I believe the rules for full specialisation are as follows.

You can fully specialise an entire class (or struct) or you can fully
specialise one or more member functions without specialising the class as a
whole. The distinction between these two is somewhat obscured when your
class has only a single member.

If you fully specialise a class, then you predeclare the specialised class
in its entirety (the specialised version may but need not have any members
in common with the non-specialised version) and then you must define EVERY
member function of the specialised class. In making these definitions, you
OMIT the template<> keyword from function definitions.

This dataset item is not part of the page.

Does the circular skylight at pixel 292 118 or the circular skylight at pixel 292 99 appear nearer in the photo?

Thus you would have:

template <int a>
struct P {
void f();
};

template <>
struct P<0>
{
void f();
};


// no template<> here
void P<0>::f() {}

If you only specialise one or more member functions, but leave the class
itself unspecialised, then you obviously don't need to give a declaration of
the specialised class. Thus you would have:

template <int a>
struct P {
void f();
};

template<>
void P<0>::f() {}


When it comes to partial specialisation, it is not possible to partially
specialise just a member function; you have to partially specialise the
class as a whole. Thus you must pre-declare the entire class and define all
of its members. Unlike in the case of full specialisation, you still need
the template <??> keyword when defining member functions because, of course,
there is still a template parameter involved in the class.



--
John Carson
1. To reply to email address, remove donald
2. Don't reply to email address (post here instead)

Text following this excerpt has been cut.